Over the course of the project, a number of dedicated topics worthy of separate research have emerged. Each of these topics, given enough data-analysis, literature reviews and, most importantly, conceptual work, would be candidates for publications. I would like to use this space to talk about some of these ideas in their outlines, and as they are developing. I’ll try to add relevant literature for each topic. Due to the relative length of the first topic, it was decided to split these reports into separate posts.

This is the oldest and arguably most developed line of inquiry (for the introductory blog post about this, click here). Virtual reality allows for many different constellations of differently-abled interactants to meet in the same space. With Arizona Sunshine, you oftentimes meet ‘mute’ players without microphones who only have gestural input and body tracking available to them as communicative tools.

In the original blog post, I talked about how difficult it was to communicate “Hey, you are wearing a mask. In order to put on a new mask, you need to remove the mask you are already wearing.” without any words.

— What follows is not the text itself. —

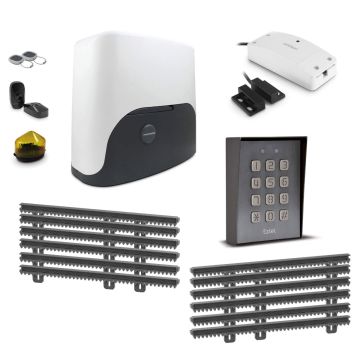 Motorisation connectée pour portail coulissant 6m Thomson + digicode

There seemed to exist limitations peculiar to gestural modalities, since the sequence ‘put on mask’ (grab mask, hand towards face, grab button release, hand away from face) was difficult to disambiguate from ‘remove mask’ (hand towards face, grab button press, hand away from face, grab button release):

  1. ‘grab button press’ and ‘grab button release’ are only different in their consequence, but do not register as visible events for other players.
  2. The initiation of ‘remove mask’ from the ‘home position’ of the player’s hand adds further ambiguity, as there is no apparent method of separating ‘sequence preparation’ from ‘sequence start’. Thus, the hand moving towards the face may either be interpreted as the first step of ‘how to put on a mask’, or the preliminary step towards the initiation of ‘how to remove a mask’.

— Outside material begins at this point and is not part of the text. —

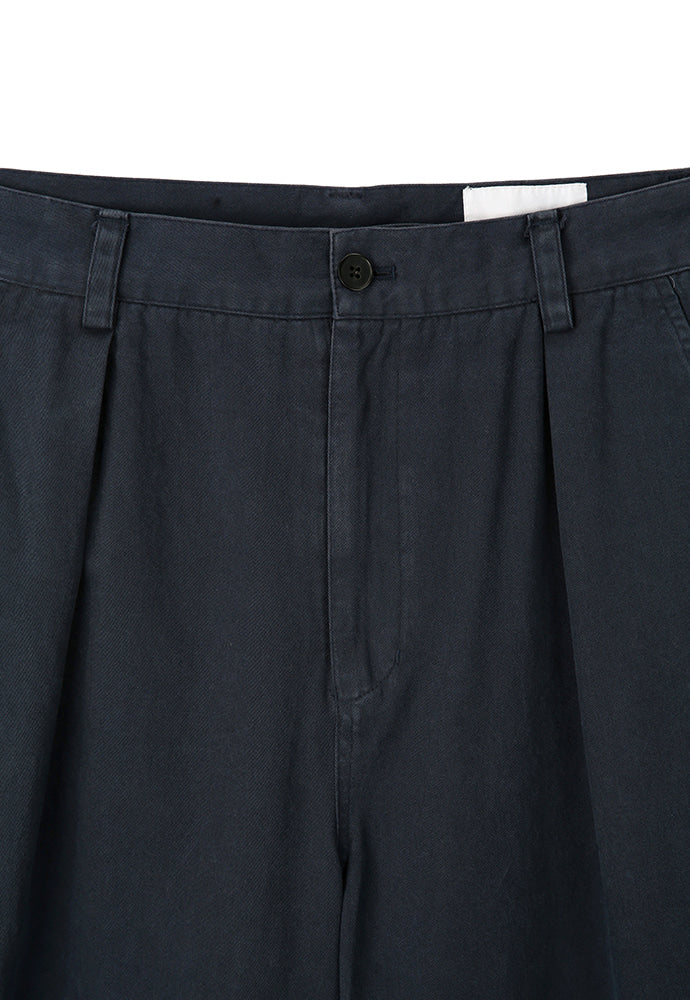 Art if acts - One Tuck Chino Pants (Dark Navy) product image 7 | TRAB K-Fashion Australia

More fundamentally, however, there seems to be a difficulty of using gesture sequences to point at proceeding gesture sequences. I.e. it seems to be nontrivial to do ‘the thing you are doing right now is incorrect, do this instead’ with gestures only. This property originally lead me to the avenue of exploring the specific indexical qualities of speech as opposed to non-speech interaction. With words, it is relatively easy to point at ongoing action. Gestural sequences, on the other hand, seem to be employed in a sequential – rather than simultaneous and mutually-pointing – manner, which has a notable transformative effect on how interaction unfolds.

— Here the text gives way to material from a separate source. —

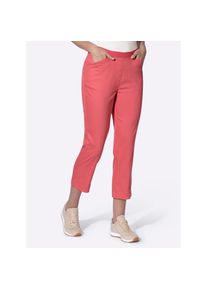 Heine, Damen, Caprihose, koralle, Normalgr&ouml;&szlig;en, 36 -Normalgr&ouml;&szlig;en, koralle, Ges&auml;&szlig;tasche mit Stickerei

However, over time, I’ve come to reconsider this issue in more general terms. The problem of ‘pointing at ongoing action’ (“stop doing this, do this instead”) is not a peculiar characteristic of speech, but the specific multimodal ecology of an encounter. Goodwin’s analysis of Chil’s rich interactional toolset (in the near-total absence of complex self-produced language) is an illustration of non-verbal indication: we can use prosody, gestures, gaze, body-position, etc. to actively disengage, engage or point at ongoing sequences of action. Chil could, by literally pointing at speech produced by other people, say ‘this’ and ‘not this’. Using rich prosody, he could take an active part in the co-operative production of ‘I don’t want toast, but I want something similar to it’.

In other words, the property of pointing at ongoing sequences of action, and the complex mutual accomplishment of action enabled thereby, is not a characteristic peculiar to spoken human language. Put differently, the difficulty of pointing-at-sequential-unfolding-action seems to be rooted in something that is not immediately related to the specific modality. This brings me to my current preliminary hypothesis: the issue is not so much the restriction imparted by a specific semiotic register. Rather, the issue is the presence of multiple registers, or the absence of it. In a world of only sequential gestures, it becomes much more difficult to say ‘stop doing that’, as the doing-‘stop-doing-that’-ness has to come after the completion of the other interactant’s sequence, which makes it more difficult to treat the ongoing sequence as a public substrate available for modification and reuse.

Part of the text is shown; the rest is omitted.